Thursday, January 17, 2019

Make Way for Tomorrow

Make Way for Tomorrow; drama, USA, 1937; D: Leo McCarey, S: Beulah Bondi, Victor Moore, Thomas Mitchell, Fay Bainter

During dinner, Barkley and Lucy Cooper, a retired couple in their 60s, announce that they lost their home to the bank due to too high financial costs. Their five grown ups children are in a quandary: none of them is willing to accommodate their parents, since each of them is raising their own family. Lucy is sent to live in a small room in the New York apartment of her son George, while Barkley goes to the rural area, in the home of daughter Cora. Lucy seems to be a burden to George's wife Anita and teenage daughter Rhoda. Barkley tries to find a job to regain an own home, but catches a cold, which Cora uses as an excuse to try to send him to his other child, living in warm California. Before departing for California, Barkley spends a few hours with Lucy together, who is being sent to a retirement home.
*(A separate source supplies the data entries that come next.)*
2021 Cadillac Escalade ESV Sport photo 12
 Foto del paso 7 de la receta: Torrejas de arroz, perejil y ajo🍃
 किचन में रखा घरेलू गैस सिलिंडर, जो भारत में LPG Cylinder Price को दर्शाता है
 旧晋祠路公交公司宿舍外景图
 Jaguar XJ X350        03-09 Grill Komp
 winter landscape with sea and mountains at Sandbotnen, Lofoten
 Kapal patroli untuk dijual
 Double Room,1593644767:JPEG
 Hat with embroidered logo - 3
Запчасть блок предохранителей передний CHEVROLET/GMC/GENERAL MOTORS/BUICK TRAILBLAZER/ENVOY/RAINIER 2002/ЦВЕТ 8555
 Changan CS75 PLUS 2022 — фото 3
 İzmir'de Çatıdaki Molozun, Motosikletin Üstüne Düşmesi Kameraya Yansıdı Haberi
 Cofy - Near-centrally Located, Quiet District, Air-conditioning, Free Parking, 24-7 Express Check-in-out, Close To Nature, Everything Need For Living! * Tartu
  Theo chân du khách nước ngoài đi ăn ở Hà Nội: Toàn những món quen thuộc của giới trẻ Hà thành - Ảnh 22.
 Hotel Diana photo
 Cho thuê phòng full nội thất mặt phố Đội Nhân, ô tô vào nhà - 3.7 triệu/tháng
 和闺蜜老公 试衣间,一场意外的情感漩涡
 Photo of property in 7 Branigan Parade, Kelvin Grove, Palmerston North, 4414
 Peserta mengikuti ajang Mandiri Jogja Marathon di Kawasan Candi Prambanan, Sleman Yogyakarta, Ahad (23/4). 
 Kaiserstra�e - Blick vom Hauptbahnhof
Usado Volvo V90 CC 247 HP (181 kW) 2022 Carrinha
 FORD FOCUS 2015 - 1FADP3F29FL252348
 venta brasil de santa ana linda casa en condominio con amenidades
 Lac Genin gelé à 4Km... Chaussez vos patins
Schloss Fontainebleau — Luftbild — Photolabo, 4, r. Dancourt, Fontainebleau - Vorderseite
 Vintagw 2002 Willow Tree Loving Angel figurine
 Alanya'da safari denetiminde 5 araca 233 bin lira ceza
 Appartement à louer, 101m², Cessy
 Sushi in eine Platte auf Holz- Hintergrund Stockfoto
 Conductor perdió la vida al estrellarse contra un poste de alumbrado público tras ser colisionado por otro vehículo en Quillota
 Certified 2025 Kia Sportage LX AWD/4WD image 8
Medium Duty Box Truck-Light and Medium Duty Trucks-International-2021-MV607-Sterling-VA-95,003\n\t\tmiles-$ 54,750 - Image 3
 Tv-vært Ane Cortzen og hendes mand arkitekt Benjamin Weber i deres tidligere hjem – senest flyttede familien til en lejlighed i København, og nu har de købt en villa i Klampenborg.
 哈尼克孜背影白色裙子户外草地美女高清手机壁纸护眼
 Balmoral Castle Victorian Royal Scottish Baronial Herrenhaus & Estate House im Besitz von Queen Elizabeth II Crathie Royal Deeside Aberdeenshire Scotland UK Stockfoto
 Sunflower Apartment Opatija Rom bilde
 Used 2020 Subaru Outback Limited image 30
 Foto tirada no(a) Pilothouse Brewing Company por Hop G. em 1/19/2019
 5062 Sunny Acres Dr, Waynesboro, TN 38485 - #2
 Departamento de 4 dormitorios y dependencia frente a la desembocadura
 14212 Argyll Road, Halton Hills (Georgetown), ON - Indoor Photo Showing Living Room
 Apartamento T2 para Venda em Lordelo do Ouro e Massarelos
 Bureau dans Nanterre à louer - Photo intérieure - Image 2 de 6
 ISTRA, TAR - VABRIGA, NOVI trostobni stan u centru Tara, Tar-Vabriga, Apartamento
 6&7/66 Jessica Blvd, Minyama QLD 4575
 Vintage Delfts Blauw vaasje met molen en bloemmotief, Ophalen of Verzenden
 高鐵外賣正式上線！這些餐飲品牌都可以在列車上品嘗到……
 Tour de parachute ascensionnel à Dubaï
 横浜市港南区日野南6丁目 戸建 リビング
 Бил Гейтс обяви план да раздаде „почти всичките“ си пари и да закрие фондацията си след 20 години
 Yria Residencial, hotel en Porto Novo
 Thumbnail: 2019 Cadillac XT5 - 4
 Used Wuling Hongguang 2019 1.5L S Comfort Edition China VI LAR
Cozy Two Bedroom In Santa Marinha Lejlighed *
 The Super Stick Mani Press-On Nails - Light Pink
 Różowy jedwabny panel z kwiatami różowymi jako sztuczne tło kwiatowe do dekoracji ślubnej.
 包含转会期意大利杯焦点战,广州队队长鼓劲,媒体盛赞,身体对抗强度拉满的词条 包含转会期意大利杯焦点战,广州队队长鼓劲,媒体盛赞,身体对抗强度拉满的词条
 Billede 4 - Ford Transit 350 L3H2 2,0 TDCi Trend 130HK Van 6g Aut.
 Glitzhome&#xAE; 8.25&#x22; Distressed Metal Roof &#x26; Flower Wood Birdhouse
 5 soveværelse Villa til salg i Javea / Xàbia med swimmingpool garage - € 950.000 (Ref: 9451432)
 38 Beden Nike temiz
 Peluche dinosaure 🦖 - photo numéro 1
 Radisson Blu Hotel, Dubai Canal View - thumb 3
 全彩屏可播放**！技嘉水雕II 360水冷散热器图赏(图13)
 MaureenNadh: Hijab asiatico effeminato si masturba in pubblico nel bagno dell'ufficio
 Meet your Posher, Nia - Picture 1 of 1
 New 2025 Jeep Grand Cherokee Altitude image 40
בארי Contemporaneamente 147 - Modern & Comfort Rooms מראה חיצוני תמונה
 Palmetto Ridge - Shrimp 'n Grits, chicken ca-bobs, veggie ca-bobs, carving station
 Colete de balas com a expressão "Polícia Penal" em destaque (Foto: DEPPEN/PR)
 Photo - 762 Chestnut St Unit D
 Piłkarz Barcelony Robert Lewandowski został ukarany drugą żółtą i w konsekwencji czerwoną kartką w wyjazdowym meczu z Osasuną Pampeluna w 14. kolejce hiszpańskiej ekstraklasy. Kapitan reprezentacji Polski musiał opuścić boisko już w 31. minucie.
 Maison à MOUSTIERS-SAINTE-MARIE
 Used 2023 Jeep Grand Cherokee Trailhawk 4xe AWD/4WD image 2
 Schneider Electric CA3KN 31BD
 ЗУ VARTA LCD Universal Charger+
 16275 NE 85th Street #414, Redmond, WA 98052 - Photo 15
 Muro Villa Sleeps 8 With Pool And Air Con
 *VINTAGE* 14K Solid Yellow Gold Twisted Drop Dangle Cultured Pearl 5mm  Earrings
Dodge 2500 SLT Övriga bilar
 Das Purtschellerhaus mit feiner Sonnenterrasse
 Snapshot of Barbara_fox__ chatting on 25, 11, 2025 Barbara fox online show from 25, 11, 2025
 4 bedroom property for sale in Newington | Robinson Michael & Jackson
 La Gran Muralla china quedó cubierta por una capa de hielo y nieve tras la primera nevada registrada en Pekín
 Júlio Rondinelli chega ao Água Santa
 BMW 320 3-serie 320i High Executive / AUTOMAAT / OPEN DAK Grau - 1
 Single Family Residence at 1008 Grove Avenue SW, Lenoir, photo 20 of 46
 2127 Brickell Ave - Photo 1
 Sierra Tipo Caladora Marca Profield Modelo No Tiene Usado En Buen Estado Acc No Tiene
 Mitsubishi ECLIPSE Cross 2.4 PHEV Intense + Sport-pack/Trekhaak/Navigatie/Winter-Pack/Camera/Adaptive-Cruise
Legend has it that when he received the best director Oscar for "The Awful Truth", Leo McCarey allegedly said: "Thanks, but you gave it to me for the wrong picture", alluding to the ignored drama "Make Way for Tomorrow", which he directed that same year. While "Duck Soup" is McCarey's best achievement, "Make Way" is also a very interesting film, an unassuming, bitter and depressive drama about the lack of any perspective during old age, which observes how a retired couple is faced to accept that their lives became redundant to the society. Elderly care is not quite a "high concept" for a film, yet it courageously dares to tackle the unpleasant topic through a low key, simple narrative built on small nuances and subtle observations about human relations. In one of the most memorable sequences, Anita asks her 17-year old daughter Rhoda to take grandmother Lucy out of the apartment, since their friends want to play bridge in peace. Rhoda takes Lucy to a cinema, but then exits the theatre to go out on a date. Two hours later, Rhoda hurriedly returns to the cinema and asks a woman to give her a summary of the film. Rhoda then finds Lucy waiting for her outside, feigning she liked the movie, until grandmother tells Rhoda she saw her exiting her boyfriend's car. Another sad moment has one of Lucy's daughters agreeing to take Lucy at her home, but her husband is against the idea: "When we married, I didn't ask my mother to live with us, did I?" It is a slow burning tragedy watching Lucy and Barkley getting tossed back and forth, as if they are a burden, and the movie itself seems to not know what the solution might be. However, McCarey directed the movie in a too monotone way at times, with a few 'rough' edges (why was it necessary for Lucy and Barkley to be separated? Wouldn't it have been far more constructive to have them stay together at a one of their kid's home?) and lack of inspiration, especially in the rather pointless last 20 minutes, though the main theme is so true and genuine one can forgive its flaws.